Speed should be in meters per second, not meters per minute.
Internally to the SwerveModule class, Swerve module steer position should be in rotations with a range of [-0.5, 0.5). This is the unit the CANCoder and Spark Max use. External to the SwerveModule, use radians [-Pi, Pi).
Use closed loop on the Spark Max motor controller, not a PIDController on the roboRIO. There are several reason you probably want to do this:
You pay big money for smart motor controllers, so use them.
On the motor controller the encoder value is read directly, it doesn't have to come over the CAN network first.
Motor controller closed loop runs at 1000Hz where the roboRIO only runs at 50hz.
Let the motors and encoders handle your offsets and inversions. Configure them once, and let them handle the math.
Use the CANCoders waitForUpdate() function when getting it's absolute position on startup.
Set offsets in rotations (avoiding conversion from degrees to radians to rotations.) There was also some math going on to rotate them by pi/2 radians.
Set CANCoder absolute encoder SensorDirection to CounterClockwise_Positive
Set Drive and Steer motor inversion (so positive output is forward drive and counter-clockwise steer)
Correct SwerveDriveKinemetics. Forward is +X, left is +Y
BR is (-, -)
FR is (+, -)
BL is (-, +)
FL is (+, +)
Correct conversion from CANCoder position to steer motor encoder position. It was incorrectly converting from rotations to radians, but both are rotations.
Return steer position in a Rotation2d object from getSteerPosition() so the units are always clear (and since all uses of the method are creating Rotation2d anyway.)

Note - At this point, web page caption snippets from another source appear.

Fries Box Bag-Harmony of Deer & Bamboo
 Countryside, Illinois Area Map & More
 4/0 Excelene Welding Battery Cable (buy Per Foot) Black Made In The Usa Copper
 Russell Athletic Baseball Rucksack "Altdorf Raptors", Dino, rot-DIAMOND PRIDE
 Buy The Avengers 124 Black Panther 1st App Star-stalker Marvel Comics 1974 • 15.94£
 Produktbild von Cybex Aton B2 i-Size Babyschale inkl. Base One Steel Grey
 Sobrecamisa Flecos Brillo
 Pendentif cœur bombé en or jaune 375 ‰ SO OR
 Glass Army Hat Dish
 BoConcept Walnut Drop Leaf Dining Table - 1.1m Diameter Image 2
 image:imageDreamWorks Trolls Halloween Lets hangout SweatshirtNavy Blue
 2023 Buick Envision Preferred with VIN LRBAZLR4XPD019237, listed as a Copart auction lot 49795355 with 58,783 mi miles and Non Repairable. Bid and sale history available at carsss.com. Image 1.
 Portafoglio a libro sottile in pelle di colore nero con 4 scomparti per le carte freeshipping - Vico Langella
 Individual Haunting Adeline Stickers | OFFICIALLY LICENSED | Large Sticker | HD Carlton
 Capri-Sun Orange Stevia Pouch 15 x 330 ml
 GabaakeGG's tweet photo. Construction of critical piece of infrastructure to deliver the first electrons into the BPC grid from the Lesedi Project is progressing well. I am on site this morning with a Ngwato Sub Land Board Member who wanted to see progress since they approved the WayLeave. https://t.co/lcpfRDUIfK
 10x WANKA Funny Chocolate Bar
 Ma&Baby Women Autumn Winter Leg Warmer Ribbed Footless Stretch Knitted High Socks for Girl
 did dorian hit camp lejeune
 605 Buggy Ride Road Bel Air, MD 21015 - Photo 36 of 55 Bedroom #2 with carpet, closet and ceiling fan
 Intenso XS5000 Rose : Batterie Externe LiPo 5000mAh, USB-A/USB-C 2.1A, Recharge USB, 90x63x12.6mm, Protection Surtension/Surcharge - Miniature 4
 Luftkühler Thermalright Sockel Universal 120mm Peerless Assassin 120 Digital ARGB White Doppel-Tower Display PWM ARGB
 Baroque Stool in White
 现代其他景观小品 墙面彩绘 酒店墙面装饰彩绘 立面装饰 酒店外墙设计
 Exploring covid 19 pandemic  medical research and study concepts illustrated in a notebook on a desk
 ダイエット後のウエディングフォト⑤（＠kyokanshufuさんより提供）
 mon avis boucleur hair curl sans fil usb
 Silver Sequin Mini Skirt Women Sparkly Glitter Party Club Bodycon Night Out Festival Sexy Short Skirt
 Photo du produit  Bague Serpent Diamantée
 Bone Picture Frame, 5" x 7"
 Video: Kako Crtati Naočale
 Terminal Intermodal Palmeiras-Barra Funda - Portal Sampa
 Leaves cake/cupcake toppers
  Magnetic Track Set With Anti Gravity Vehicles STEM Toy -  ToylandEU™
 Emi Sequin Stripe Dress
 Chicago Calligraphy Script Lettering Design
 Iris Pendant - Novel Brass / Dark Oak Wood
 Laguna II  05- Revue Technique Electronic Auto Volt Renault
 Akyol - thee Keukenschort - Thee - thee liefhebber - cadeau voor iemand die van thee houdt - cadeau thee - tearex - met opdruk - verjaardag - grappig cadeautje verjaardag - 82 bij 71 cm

Implement Spark Max configuration best practice:
Call restoreFactoryDefaults() before configuring to clear out any existing configuration. This is important so no old values stick around in the settings we are not explicitally configuring.
Call burnFlash() after configuration so the settings persist across power cycle. This is important in case your motor controller has a power glitch during a match, since configuration only happens when the robot program starts.
Command
It is not good practice to read button values in a command. Use button bindings.
Phoenix
Phonix5 will give the wheel/magnet alignment in driver station. The issue is not easily reproduced, but the most likely way to get it to happen is to restart the robot code (boot the robot, "restart code" from driver station, or deploy the code) and enable the robot as quickly as you can. When the problem occurs, one or more wheels will not point the right direction. Upgrade to to Phoenix 6
This is our intended drive scheme for the existing Swerve repo:
Robot movement to the left is +Y on the field, but -X on the left controller stick.
Robot movement forward is +X on the field, but -Y on the left controller stick.
Robot rotation is +left on the field, but -X on the right controller stick.Based on this scheme, the DriveCommand needed adjustment:
All of the axes need to be inverted.
The correct controller sticks need to be controlling the correct translation components.
Also, never use System.out.println() within the robot loop. It will flood the console to the point of lagging your robot. Use the SmartDashboard/NetworkTables to send the value to the driver station.
The following fixes added in DrivetrainSubsystem of exsiting Swerve repo:
The NAVX gyro angle needs to be inverted. NavX's getAngle() returns the heading with clockwise positive, which is backwards from WPILib.
For zero the heading, you need to reset odometry. I assume the intent is that the robot's current heading becomes zero, but the robot's estimated translation stays the same.